DATA Block Start

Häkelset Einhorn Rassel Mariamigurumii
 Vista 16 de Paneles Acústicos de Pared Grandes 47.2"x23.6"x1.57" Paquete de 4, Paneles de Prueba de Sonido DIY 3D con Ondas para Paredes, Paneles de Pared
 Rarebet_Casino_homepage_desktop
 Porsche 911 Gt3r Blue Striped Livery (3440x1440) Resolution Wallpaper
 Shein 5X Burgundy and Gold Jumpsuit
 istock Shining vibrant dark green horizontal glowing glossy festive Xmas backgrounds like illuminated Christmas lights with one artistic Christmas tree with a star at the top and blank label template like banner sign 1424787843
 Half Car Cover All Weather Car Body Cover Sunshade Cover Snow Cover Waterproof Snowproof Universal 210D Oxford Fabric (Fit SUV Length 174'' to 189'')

DATA Block End

DIRECTIONS: Take the lines from the one containing "Porsche 911 Gt3r" through the final line of the entries above, and set them down exactly, with nothing added.

TASK ANSWER:
 Porsche 911 Gt3r Blue Striped Livery (3440x1440) Resolution Wallpaper
 Shein 5X Burgundy and Gold Jumpsuit
 istock Shining vibrant dark green horizontal glowing glossy festive Xmas backgrounds like illuminated Christmas lights with one artistic Christmas tree with a star at the top and blank label template like banner sign 1424787843
 Half Car Cover All Weather Car Body Cover Sunshade Cover Snow Cover Waterproof Snowproof Universal 210D Oxford Fabric (Fit SUV Length 174'' to 189'')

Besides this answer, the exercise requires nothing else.